No. It couldn't be. I looked at Jared, my mind reeling with disbelief. In my old life, my impression of the Church was that it was an institution of charlatans and frauds, preying on the ignorant. I had assumed it was the same here. During the witch's execution, I had been silently scoffing at their empty rituals and hollow faith.

But if witches were real, truly real, then it stood to reason that the Church, their sworn enemy, might possess real power as well. That their so-called 'miracles' might be more than just smoke and mirrors and cheap theatrics. But Jared... he couldn't even read. He had merely looked at a few pictures, a few illustrations in a dusty old book. And now he could perform miracles? He could wield holy light? If that were true, then wouldn't this world be crawling with priests and nuns? If you could gain divine power just by looking at a Bible, then everyone would be a miracle worker. What would be the point of effort, of faith?

“Brother Jared,” I asked, needing to be sure, “when you killed the ghost… did you see the golden light on the dagger?”

“I did,” he said, his eyes wide with a remembered awe. “Was that the light you were talking about last night? I don’t even know how I did it.” 

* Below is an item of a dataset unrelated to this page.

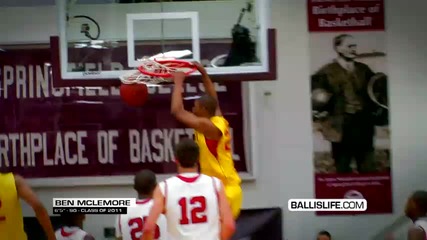 2011 Spalding Hoophall Classic Mixtape Hq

“Can you do it again? Now?” I pressed. He tried, concentrating, his hand gripping the dagger. But nothing happened. He shook his head. “No. It’s gone.”

So there was still no way to confirm it. I would have to examine that Bible more closely. For now, we had other problems. “Let’s go back,” I said, picking up the ornate cosmetics box. 

“Wait, Parula, are you sure you want to take that thing with you?” Jared asked, his voice still laced with fear. He knew, as I did, that the box was the reason the ghost had followed us. 

“It’s fine,” I said, my voice confident. “She’s gone now. You destroyed her.” The strange, cold aura that had clung to the box was gone. When I had first held it, it had felt like it was stained with blood. Now, it was just a simple, wooden box. The ghost had been bound to it, a classic haunting. And she had tried to possess me. I knew these things with a strange, unbidden certainty. And I knew, too, that her whispers had been a form of seduction, a subtle magic that had likely influenced Jared to steal the box in the first place, despite his fear.

Vengeful spirits, like Wraiths, must have an anchor to this world, an object to bind themselves to. If Jared hadn't taken that cosmetics box, she never could have left that manor house. And for that matter... how in God's name did I know any of that?

“I’m sorry, Parula,” Jared said, his voice filled with a familiar guilt. “I was just trying to help. I didn’t mean to bring that thing back with us.” 

“It’s not your fault,” I said, trying to comfort him. “I was the one who asked for it. And we need it. Even if it is haunted.” It was strange how quickly one’s perspective could change. A few days ago, I was disgusted by the thought of using a dead man’s things. Now, I was perfectly willing to use a haunted object as an offering to a demon. It was for a demon, so what did it matter? It reminded me of a dark joke from my old life: a man finds a dead person's money on the road—the coin meant to pay for their passage in the afterlife. He takes the cursed money and throws it into a temple's offering box. Let the ghost bargain with the Buddha for its own soul, he figures.

As we made our way back, a new idea occurred to me. I wanted to test the limits of Jared’s new sight. I led him to a place I had noticed earlier, a grand, Gothic-style church, its windows filled with beautiful, ornate stained glass. But the figures in the glass, the saints and the angels… their painted eyes moved, tracking us as we approached.